Bukhari had also written to the Prime Minister in 2017, following which the ASI was directed to undertake a survey of the damage and help with the conservation.

Earlier this month, three Members of Parliament (MPs) raised the issue of conservation of the Jama Masjid in the House. Samajwadi Party’s Shafiqur Rahman Barq said that ASI was not carrying out repairs despite the mosque’s rapidly deteriorating condition. Kunwar Danish Ali of the Bahujan Samaj Party also raised the issue of the dilapidated condition of the Jama Masjid, and asked if the government will work towards saving the legacy and heritage of the mosque. Ali said that the mosque was visited by foreign heads of states and diplomats but it was not getting any attention from the ASI. He said the ASI manages repair and conservation of several monuments that were not under its ambit, and was doing the same for Jama Masjid, until three years ago.
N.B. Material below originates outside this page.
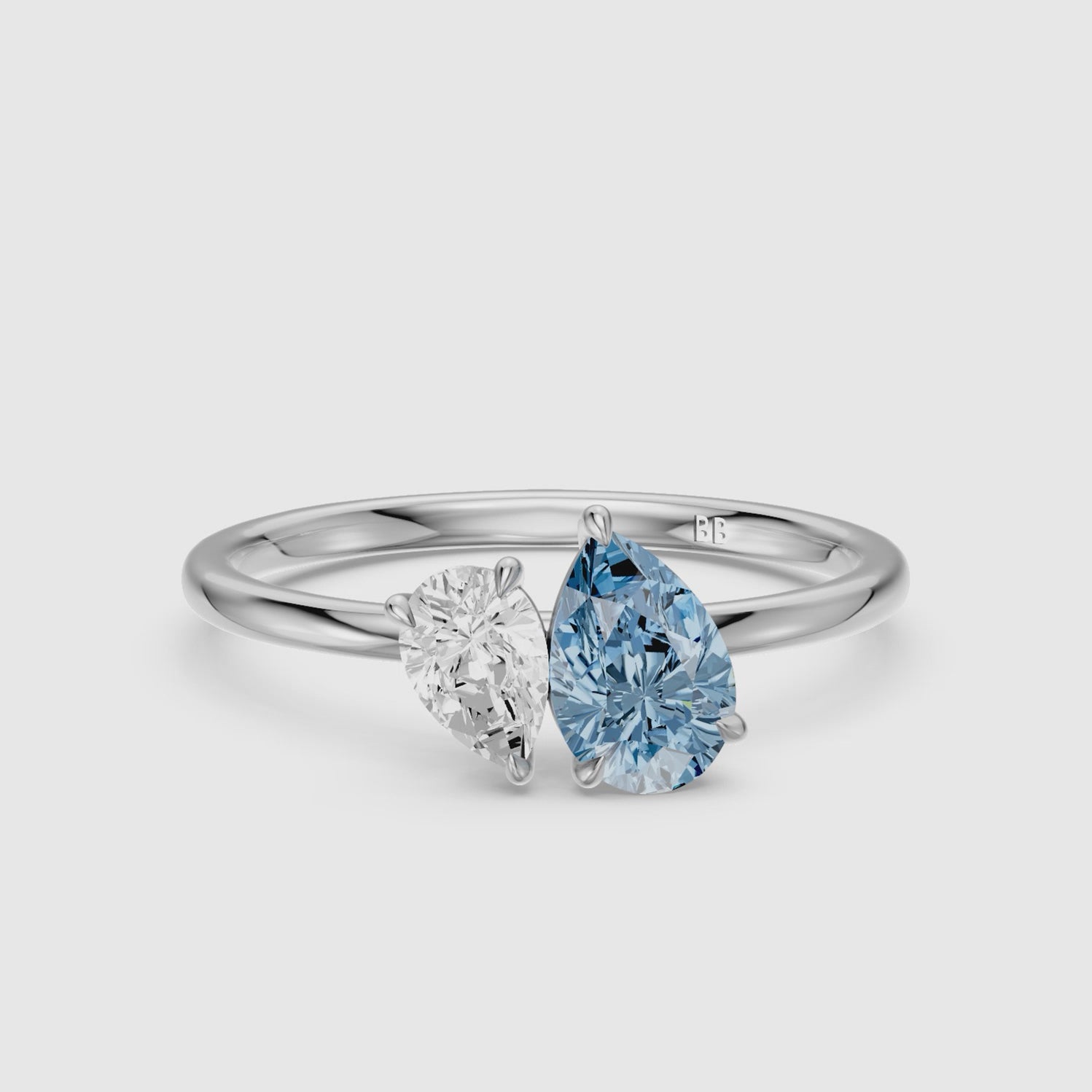 Load video: Livia Blue and White Graduated Pear Shape Color Lab Grown Diamond Toi et Moi Ring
PV Abdul Wahab from the IUML (Indian Union Muslim League) also raised the issue.

In response to Ali’s question, Union culture and tourism minister G Kishan Reddy said the government could take up a proposal for the mosque’s repair provided it came from the Delhi government. “The ASI protects over 4,000 monuments in the country. The Jama Masjid is not among these monuments, but if the state government gave us any proposal seeking ASI intervention for maintenance through the central government, we can take up the proposal,” said Reddy.

Mughal emperor Shahjahan built the mosque in 1656.

During the Lok Sabha proceedings on Monday, TMC MP Sajda Ahmed asked the culture minister if the government had conducted a survey to assess the damage and the scope of work at Jama Masjid. She also sought details about the funds that ASI had allocated for repairs if any. In a written response, tourism minister Reddy said that the ASI provided funds for the conservation of Jama Masjid as and when required and shared expenditure details on conservation of Jama Masjid between 2017-20.

Bukhari said that Jawaharlal Nehru had given a go-ahead to repairs and conservation support at the mosque as a special case. “Prime Minister Nehru met my father, then Shahi Imam, along with Maulana Abul Kalam Azad who sought that work is carried out Jama Masjid as a special case. The practise of repairs by ASI is on then. I believe that if an accurate account of the long-term arrangement is shared with Prime Minister Modi, the central government will pitch in with support,” said Bukhari.

AAP MLA Amanatullah Khan, who is the chairman of the Delhi Waqf Board, also visited the mosque earlier this month, and promised to pitch in with help. Bukhari said while all help was welcome, the scope of work required at the mosque could only be taken up the ASI since the Waqf board might not have sufficient funds and expertise required for repairs.

Historian and author Swapna Liddle said that the conservation of Jama Masjid needed to be a priority for all stakeholders since it was not always possible to reverse the damage sustained. “The priority should be to stop the mosque from deteriorating since damage can often be irreversible. If the stones fall down and collapse, the damage cannot be turned back. The first response should be to avoid such situations through comprehensive conservation support,” said Liddle.

DN Dimri, former ASI joint director-general, said regular cement is not used for conserving monuments. Dimri said that as per the conservation principle, materials not used in the making of the monument are not used for conservation work. “As per the ASI’s conservation manual, cement is not allowed for conservation because these monuments demonstrate the use of lime mortar and not cement. The ASI has carried out repairs at Jama Masjid from time to time in the past as part of a special arrangement, but cement was never used,” said Dimri.